Forum Discussion

jeff_mccombs_47's avatar
jeff_mccombs_47
Icon for Nimbostratus rankNimbostratus
May 06, 2012

how have others conquered external monitor resource alloc problems?

I've got a pair of 6900's that are monitoring about 600 backend servers. The servers are polled via an external monitor script that issues a few SNMP gets to check for various overload and down conditions.

 

 

This is not scaling well for me. The sheer number of monitors that are running is beginning to consume a significant amount of processor time. I anticipate the backend pool of servers growing to 800-1000 nodes before this is all said and done.

 

 

 

How have others managed large pools of servers with custom monitors?

 

 

 

- LTM 6900/10.2.3

 

 

 

  • How complex is your monitor script?

     

     

    IMO, external monitor script is quite expensive due to the process forking. Try to reduce number of commands in the script.

     

     

    As an alternative, offload the monitors to another system (eg. web-based monitor check). So F5 is using HTTP to check the condition of all back-end servers . By doing so, F5 doesn't need to fork new process for each SNMP Get.
  • the script isn't too complicated. But i've got about 600 of them running.

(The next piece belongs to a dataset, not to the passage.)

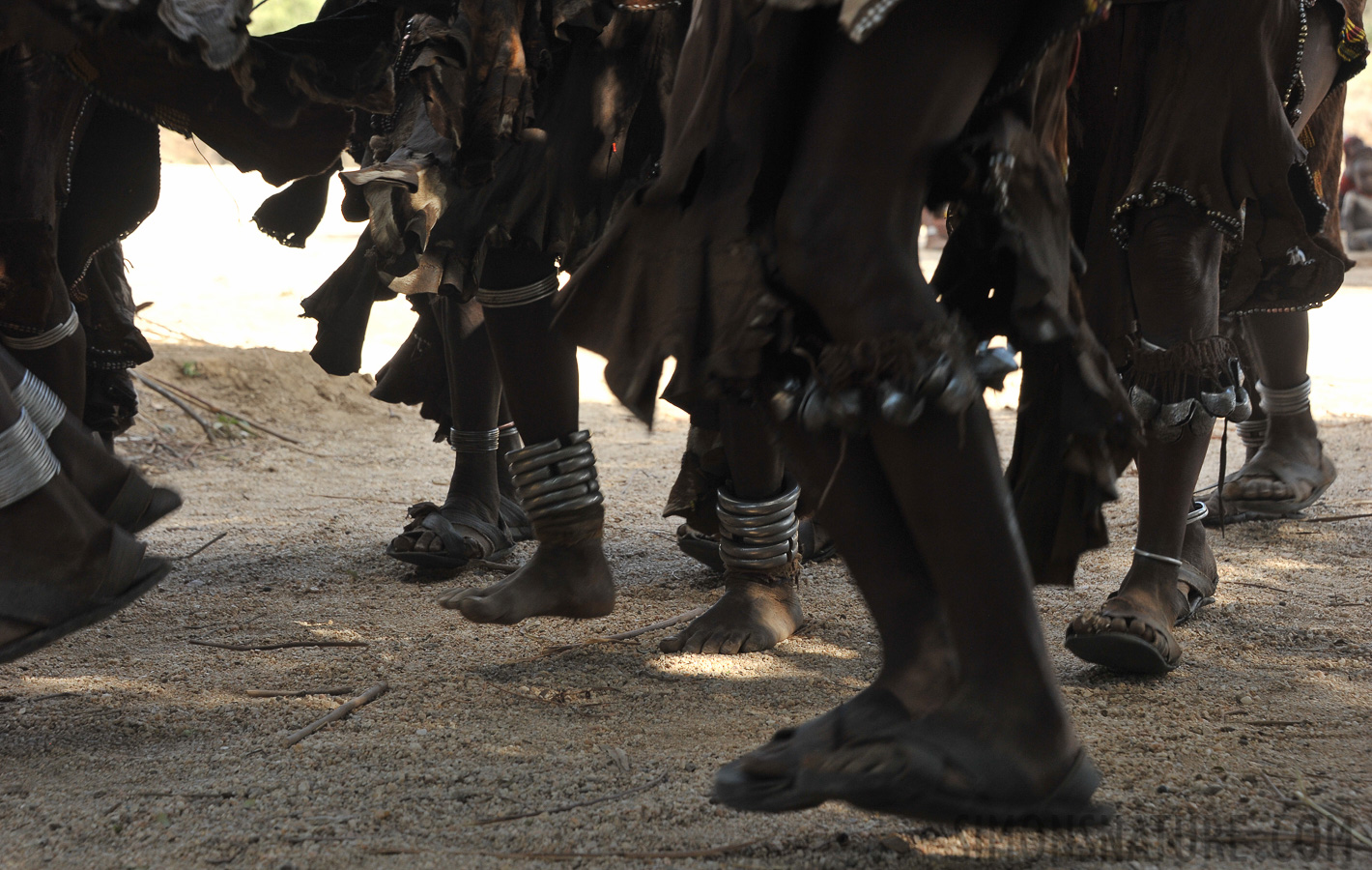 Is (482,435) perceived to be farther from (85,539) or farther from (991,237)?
(991,237)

    Offloading the checks onto a secondary system and polling a results page would work pretty well, but it's still an external check via curl/wget/whatever though I suppose the of commands spawned would be reduced to just one.

    Here's one of the monitors. This one only runs on about 200 nodes currently. there's another that is very similar (more snmpgets) that runs on about 400.

    
    !/bin/bash
    DESTIP=`echo $1 | sed 's/:FFFF://'`
    COMMUNITY=$3
    MAXSESSIONS=$4
    pidfile="/var/run/monitor_nodes.$1..$2.pid"
    if [ -f $pidfile ] ; then
     kill -9 `cat $pidfile` > /dev/null 2>&1
    fu
    
    echo "$$" > $pidfile
    MAX=`nice snmpget -v2c -c $COMMUNITY $DESTIP my.really.long.oid | awk '{print $4}'`
    SESSION_THROTTLE=`nice snmpget -v2c -c $COMMUNITY $DESTIP my.really.long.oid | awk '{print $4}'`
    
    DOWN=0
    if [ $SESSION_THROTTLE -eq 2 ] ; then
      DOWN=1
    fi
    
    if [ "x$MAX" == "x" ] ; then
      DOWN=1
    fi
    
    if [ $MAX -lt $MAXSESSIONS ] ; then
      DOWN=0
    fi
    
    if [ $DOWN -eq 0 ] ; then
      echo "up"
    fi
    
    rm -f $pidfile
     

    the TCP Port check is probably the least expensive from the F5's point of view, correct? Wonder if I could get creative with a Tcl or Perl script that runs as a monitor on each node. Have the script open or close a TCP port on the host based on availability. As long as the port is open, the service is alive. If the port shuts, the service is in an overload condition or not running.. seems like a lot of connections, maybe UDP instead.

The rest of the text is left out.